Usiru Movie Review: Sacred vows, brutal murders, and a thriller short of breath
Usiru Movie Review(2.5 / 5)
Usiru Movie Review: A film set against the windswept Stuart Hills, Usiru opens with a ritual that immediately sets the stage for something different. Pregnant women, under a full moon, gather before Katamma, the local goddess, praying for safe childbirth. It is a tradition steeped in faith, but one that doesn’t sit easily with everyone. A sceptic curses the idol, dismissing the very sanctity of the vow. This contradiction between belief and disbelief could have been the film’s spine — a clash of faith, violence, and the unknown. Unfortunately, Usiru by director Panem Prabhakar chooses instead to scatter itself across crime drama, family emotion, and slasher thrills, never quite settling on what it wants to be.
Director: Panem Prabhakar
Cast: Tilak, Santhosh Nadivada, Apoorva Nagraj, Priya Hegde, Bala Rajawai, and Raaghu Ramanakoppa
The story runs on two distinct tracks. On one side is Surya (Santhosh Nadivada), introduced as a juvenile in police custody, whose love for his mother and instinct to protect her define his violent outburst. His time in prison becomes a canvas for redemption, guided by Inspector (Bala Rajawadi) and softened by the presence of the Inspector's daughter Siri (Apoorva Nagraj). Years later, when he steps out seeking answers about his murdered parents, he is weighed down with grief and vengeance.

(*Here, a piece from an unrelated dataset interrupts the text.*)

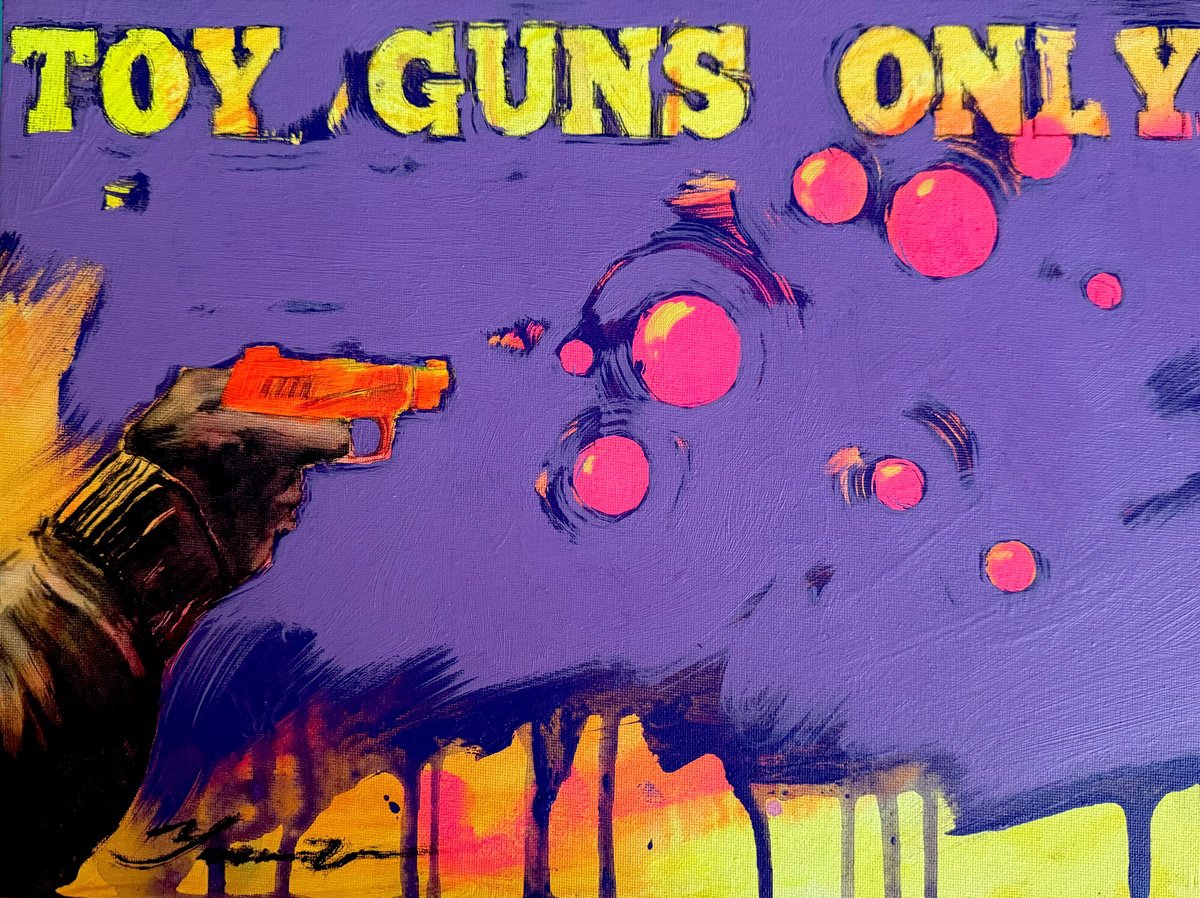 Urban And Pop Portrait Acrylic Painting By Yaroslav Yasenev, 16 X 12", Toy Guns Only 1, Original Artwork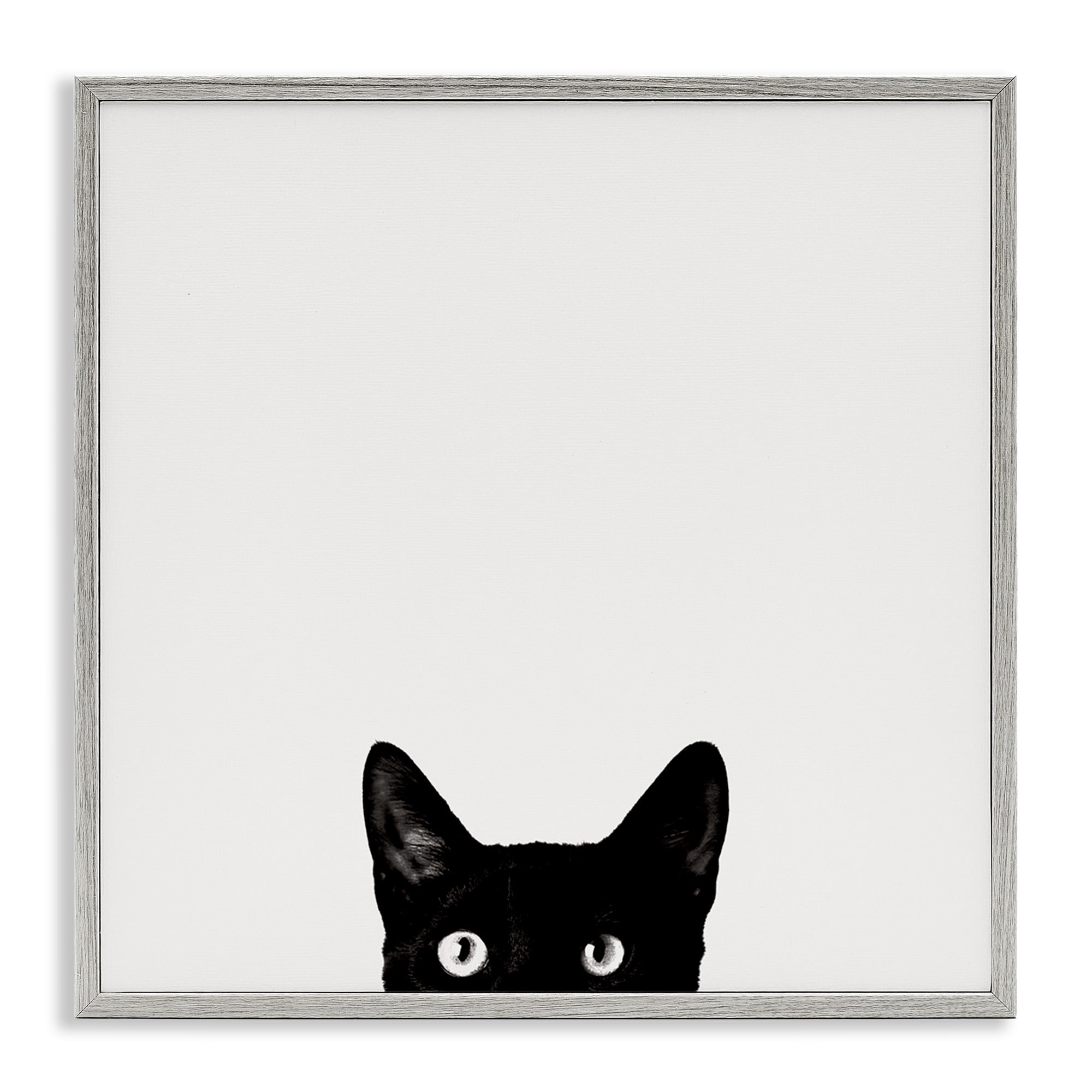 Stupell Industries Black Cat Peeking From Below Animals & Insects Painting Gray Framed Art Print Wall Art, 12 x 12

Parallelly, Raj (Tilak), a cop demoted to a sleepy village, arrives with his pregnant wife Aishwarya (Priya Hegde). The couple’s domestic warmth is set against an escalating dread. Pregnant women go missing every August, only to be found mutilated. Constable Narayan (Raaghu Ramanakoppa) briefs Raj about missing teens, smuggling, and murders, but he sidesteps conflict to keep his family safe. However, a pregnant woman's murder leads Raj into the orbit of Simon, Rocket, and a coterie of masked men who seem ripped out of a pulp crime novel. Raj is torn: does he bury himself in safety for his wife’s sake, or risk everything to confront a horror that circles back year after year?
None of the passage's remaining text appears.